Februari 2012
Bu Wasi’ah berkutat pada kumpulan kertas di atas meja dilapisi kaca transparan. Dey menunggu diam sambil mencermati sebelah meja beliau yang rapi. Foto keluarga dan jadwal pelajaran tertempel di balik kaca tebal. Ada tiket bus Samarinda-Banjarmasin dan nomor kontak pemilik bus itu. Jam pelajaran kelima di ruangan guru sangat sepi. Manusianya hanya Bu Wasi’ah dan Dey.
“Transportasi besok mau Ibu pesankan mobil?”

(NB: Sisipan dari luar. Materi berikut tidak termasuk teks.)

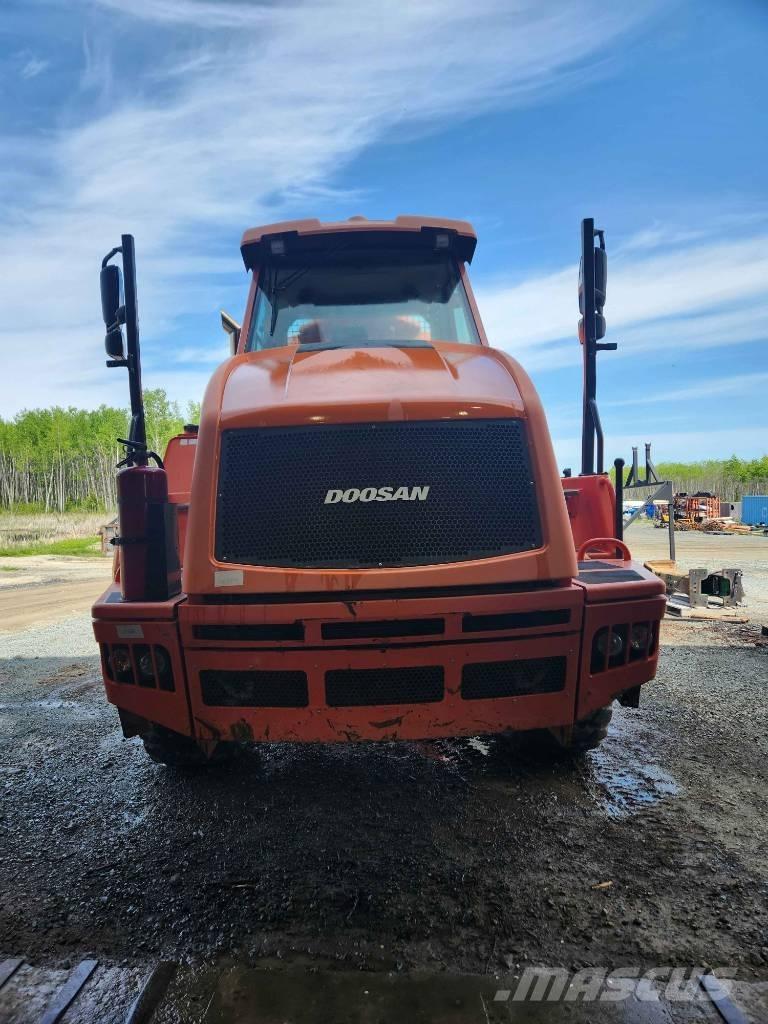 Doosan DA 30 Midjestyrd dumper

“Tidak, Bu. kami bemotor saja.”
“Cukup?”
Dey mengangguk. “Iya, ada teman Kak Maila jadi pas, Bu.”
“Tunggu sebentar, di mana ya?” kata beliau memilah kumpulan kertas di laci.
Suara langkah terdengar bersamaan sapaan Bu Rum ke Dey. Dey menyapa hormat wali kelasnya. Di belakang Bu Rum seorang cewek berambut pendek dengan poni tipis, kulit kuning langsat dan perawakannya seperti perwakilan miss-miss yang Niken bicarakan. Bahkan rok abu-abu lipat panjang terlihat sangat pas bersamaan lengan panjang seragam putihnya.
Dey memandang lama cewek itu sampai cewek itu yang tadi sibuk berbicara dengan Bu Rum menoleh ke dia.
Cewek itu tersenyum anggun ke Dey. Dey tersenyum balik.
“Dara, jangan lupa titipan Ibu.”
“Iya, Bu,” kata Dara lembut mengambil map dari tangan Bu Rum.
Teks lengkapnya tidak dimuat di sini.